Unfortunately, the spread of the coronavirus disease (COVID-19) has presented many challenges to all industries, including roofing professionals. Along with needing to comply with safety guidelines, employers will also be tested when it comes to navigating difficult employment law decisions. There’s a real potential that many workers may not return to work if they feel they are unsafe.
In this brief article, a roofing lawyer in Florida will discuss an employer’s legal rights if an employee won’t return to work. Remember, this article is for educational purposes. For accurate legal advice, pick up the phone and call a roofing attorney in Florida.

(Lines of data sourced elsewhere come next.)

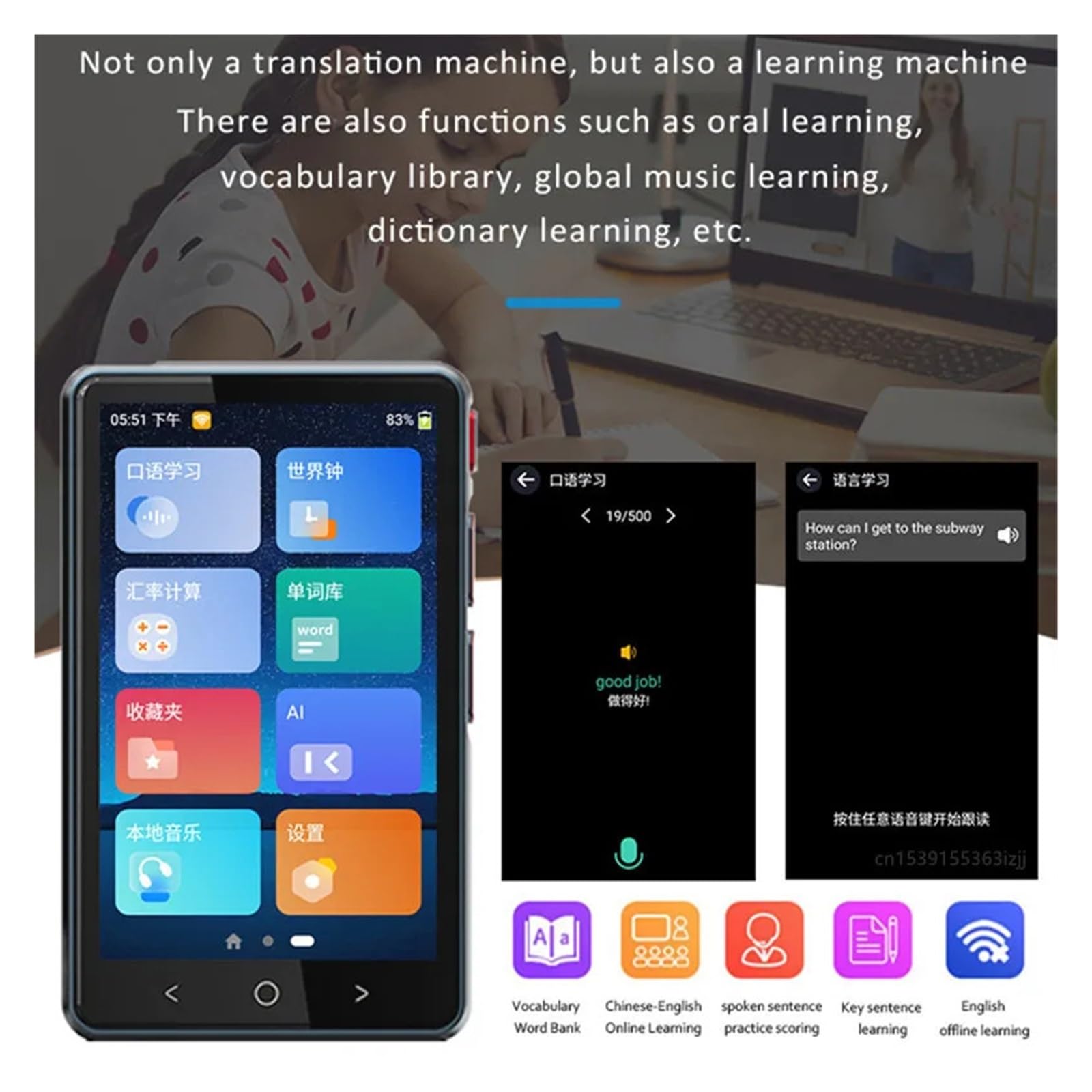 Traduttore Simultaneo Vocale, 1 PCS Traduttore vocale intelligente portatile 135 lingue in tempo reale 14 traduzioni offline Discorso multilingue Viaggi d'affari ,Traduttore Inglese Italiano(Noir)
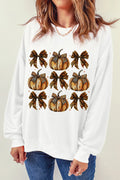 Pumpkin & Bow Graphic Long Sleeve Sweatshirt - Lilixa.store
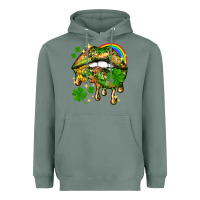 Sage St. Patrick's Day lips Heavyweight Hoodie - HowdyJamesFarm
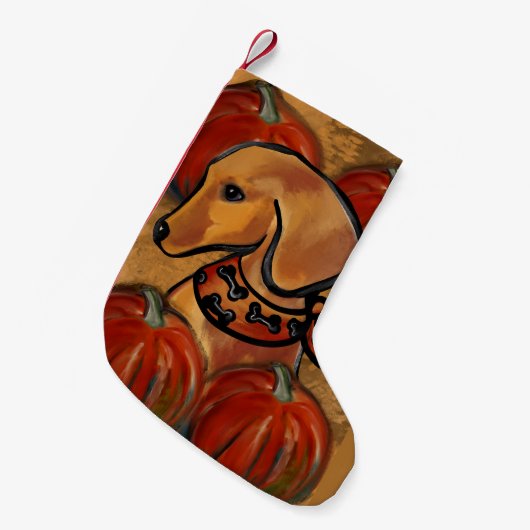 Rote Dackel Kleiner Weihnachtsstrumpf (Vorderansicht (hängend))
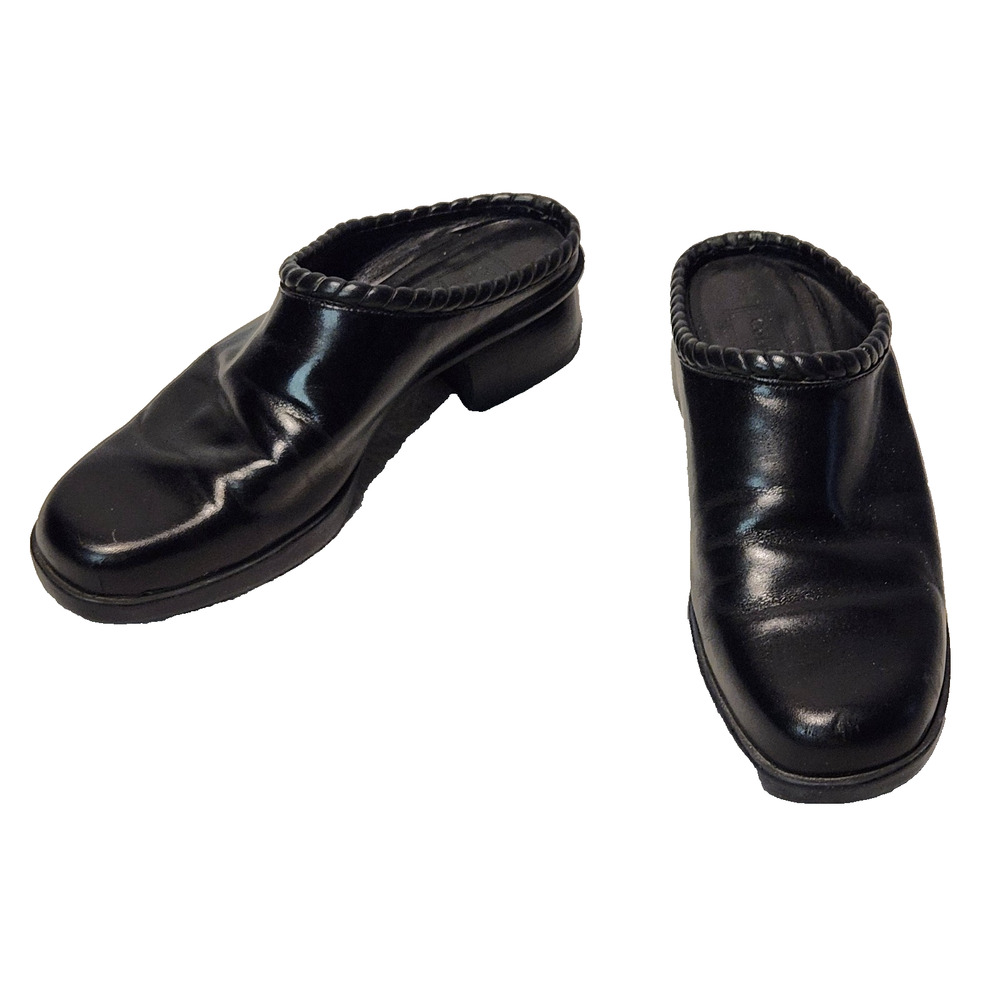 Cole Haan Mule Clogs Black Leather Woman's Size 8M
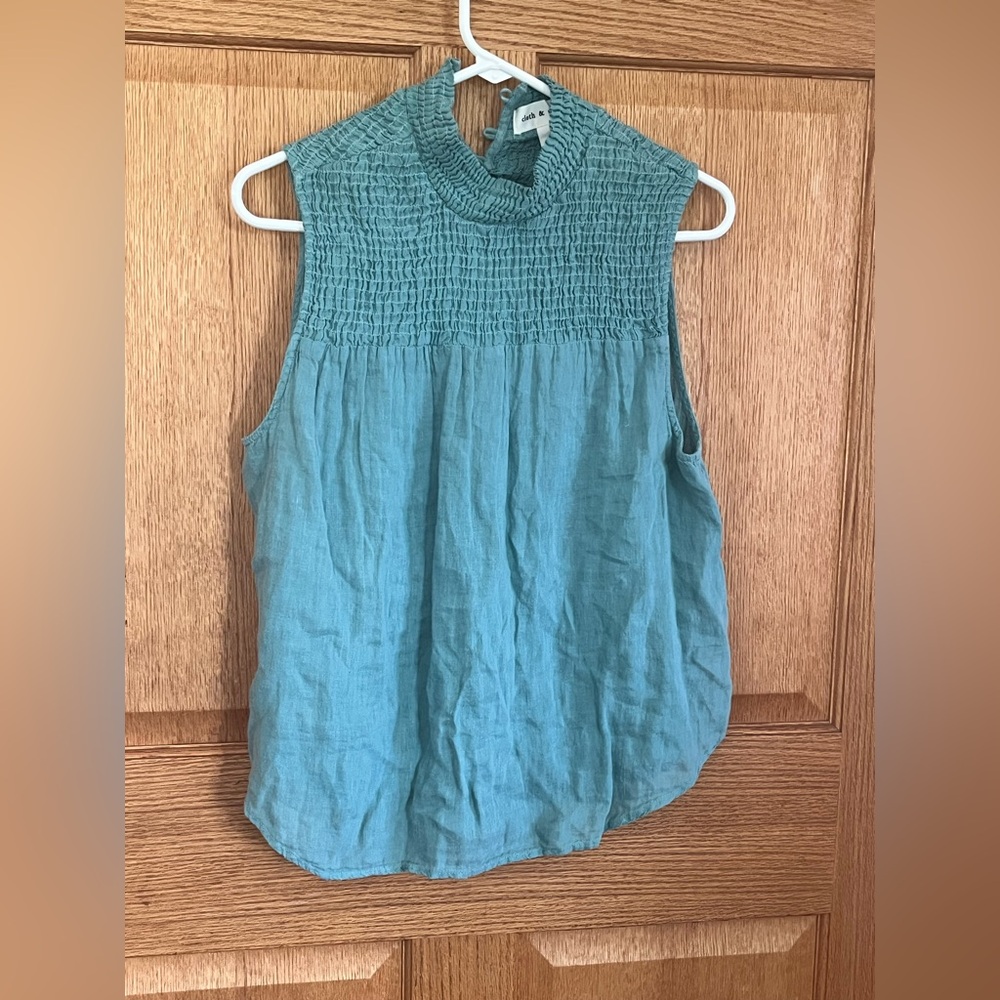 cloth & stone Teal Smocked Sleeveless Top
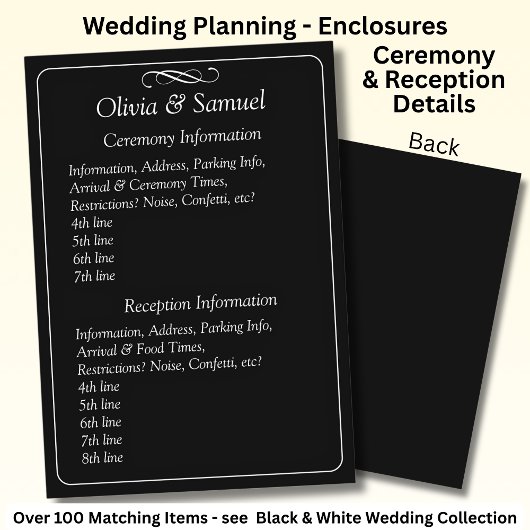 Ceremony & Reception Venues info - Black White エンクロージャーカード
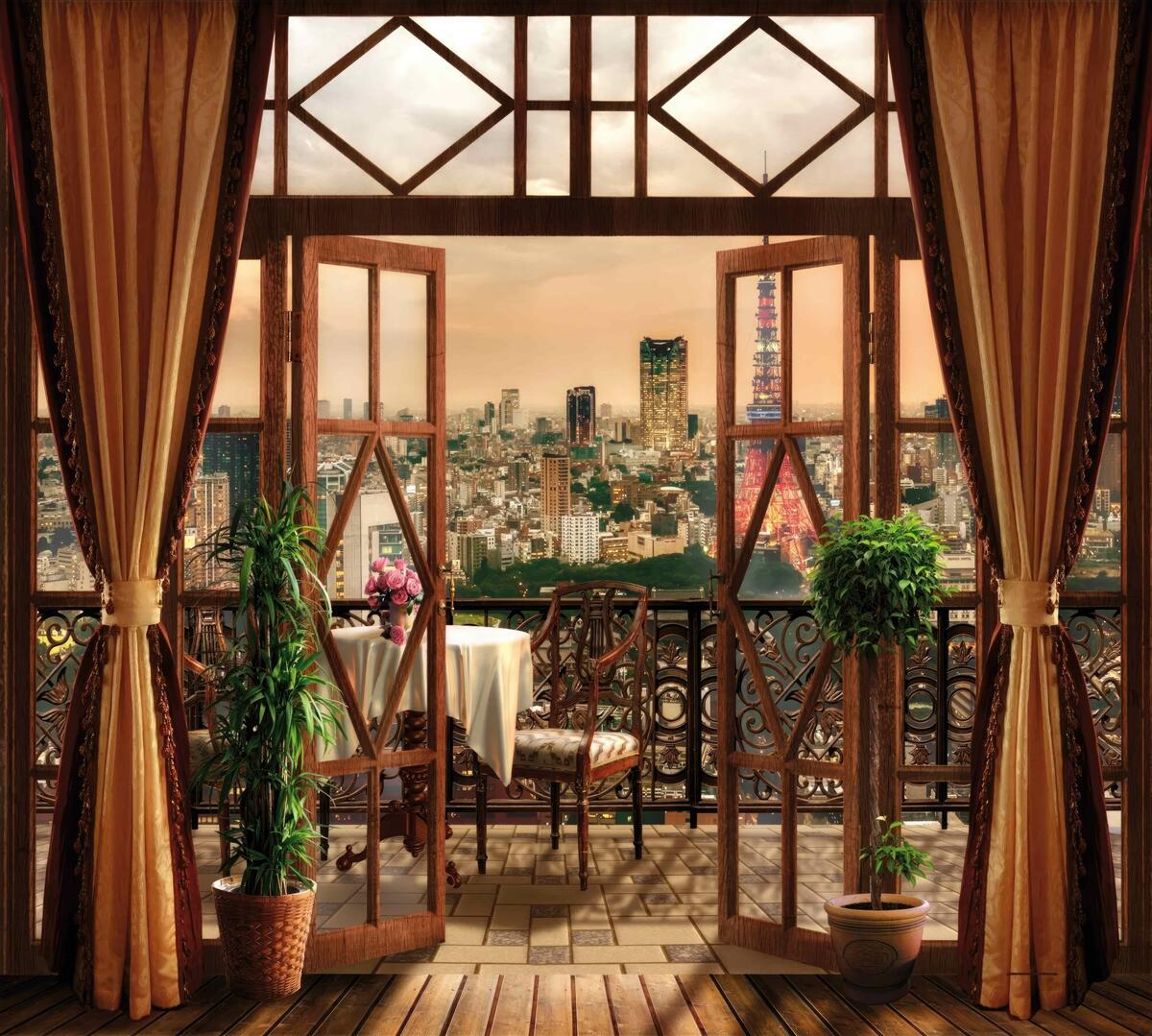 Fotobehang indrukwekkend uitzicht over de stad vanaf het balkon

Florida is considered an at-will employment state, meaning that an employer can release an employee for any reason and without warning. There are exceptions to this rule. For example, the employment agreement could have a policy that states otherwise. Union and collective bargaining agreements are other examples of instances in which employers may not be able to suddenly release an employee without cause. Generally, if an employee refuses to report back to work, the employer has the capabilities to terminate their employment (with the above exceptions); however, there are a few federal acts employers should consider before taking action.
National Labor Relations Act (NLRA)
If a group of employees will not return to work because they are concerned about their safety or they feel that the precautions that the employer took to prevent the spread of COVID-19 in the workplace were not sufficient, this may be protected under the NLRA. The key for NLRA protection is that it protects group-based activity, so this protected act requires a group of employees to file the complaint in order for it to be considered a protected activity under NLRA.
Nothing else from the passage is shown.